Total balances declined for the third straight quarter (-12.7% YoY), while consumer-level average balances were down for the fifth straight quarter (-9.6%).  Consumer-level delinquencies fell YoY to 1.29%, the second lowest level in five years, TransUnion said.

“Serious delinquency rates are now down 89 basis points from the 10-year peak of 2.18% observed in Q4 2019,” the report stated. “With about 2.4% of credit card accounts sill in some form of accommodation, delinquencies are expected to once more increase in the coming months as those accounts come of out of forbearance programs.”

The Analysis

“Though credit card balances and originations continue to be well below pre-pandemic levels, we are beginning to see stabilization of balances and rising delinquency compared to the lows observed earlier in 2020,” said Paul Siegfried, SVP-credit card business leader. “We observe many positives for consumers such as continued good news related to vaccines and improvements in the unemployment picture. Yet, some unknowns still exist. Most notably, how will those consumers still in some form of accommodation perform? We anticipate delinquency rates will rise in the coming months, but they also will be coming off of extremely low short-term levels.”

Mortgage Surge

According to TransUnion, mortgage originations surged in Q3 2020, reaching nearly four-million loans -- the highest level of originations since the Great Recession; and were 67% higher than last year at the same time. Originations were spread out evenly between refinancing and new purchases, with a 52% refinance share and 48% purchase share, TransUnion said.

“This differs from the same time last year when one-third of origination activity came from refis and two-thirds from purchase,” the analysis states. “New mortgages volumes grew the most at 118% YoY for lower risk consumers (those with a VantageScore of 760+). Total new origination loan amounts reached $1.1 trillion as of Q3 2020, up 79% from Q3 2019. As mortgage origination activity increased so did median origination balances, which rose 6% on an annual basis to $255K in Q3 2020.”

The report added the overall 90+ consumer level delinquency rate dropped in Q4 2020 to 0.83%, down from 1.16% in Q4 2019.

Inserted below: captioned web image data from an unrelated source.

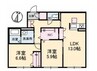シエルクレール　B棟 2LDKの間取り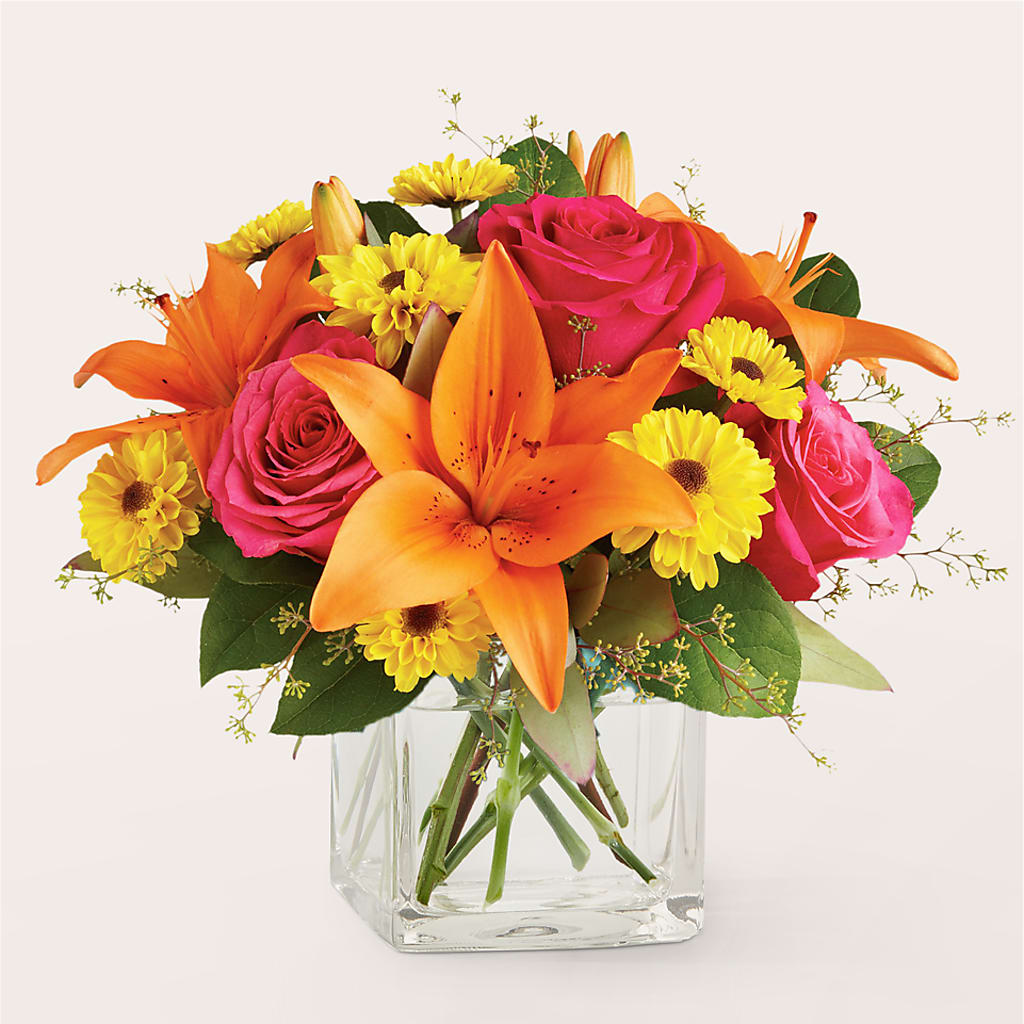 Neon Lights Bouquet – Neilsen Florist, Seattle WA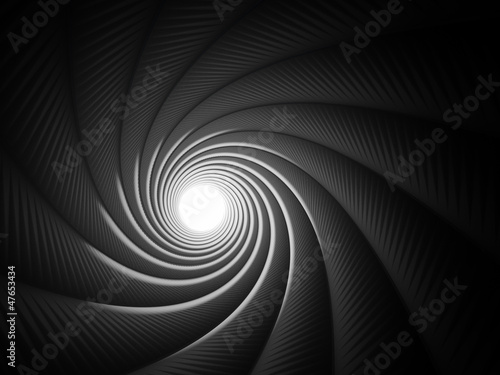 Plakat tunel 3D streszczenie rura krzywa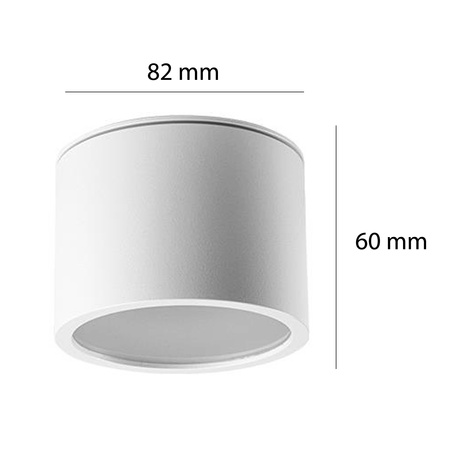 GRANDI LED přisazené halogenové stropní svítidlo GX53 IP54 kulatá trubice bílá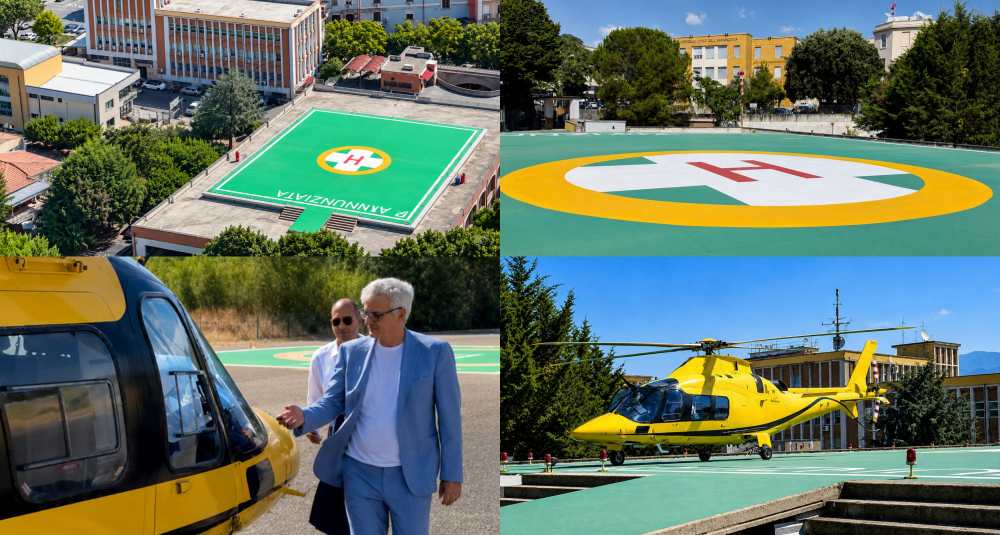 Sanità a Cosenza, l’elisoccorso torna all’ospedale Annunziata dopo trent’anni di attesa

‘Cautious Note’ on Personal Loans

Unsecured personal loan lenders continue to be cautious as originations in Q3 2020 were 30.7% lower than the prior year, but grew strongly quarter-over-quarter, indicating a gradual ramp up in volume, TransUnion said.

“Serious delinquency rates increased slightly by 15 basis points (bps) in Q4 2020 on a quarterly basis, though remained 78 bps lower than Q4 2019. The relatively low level of lending resulted in balances falling again in Q4 2020 to $148B, and consumers with balances totaling 19.2M – a 7.8% and 7.3% drop versus prior year, respectively,” the analysis states. “Continued availability of lender hardship programs, in addition to eviction moratoriums and decreased consumer spending, helped keep delinquencies and new charge-off balances low.”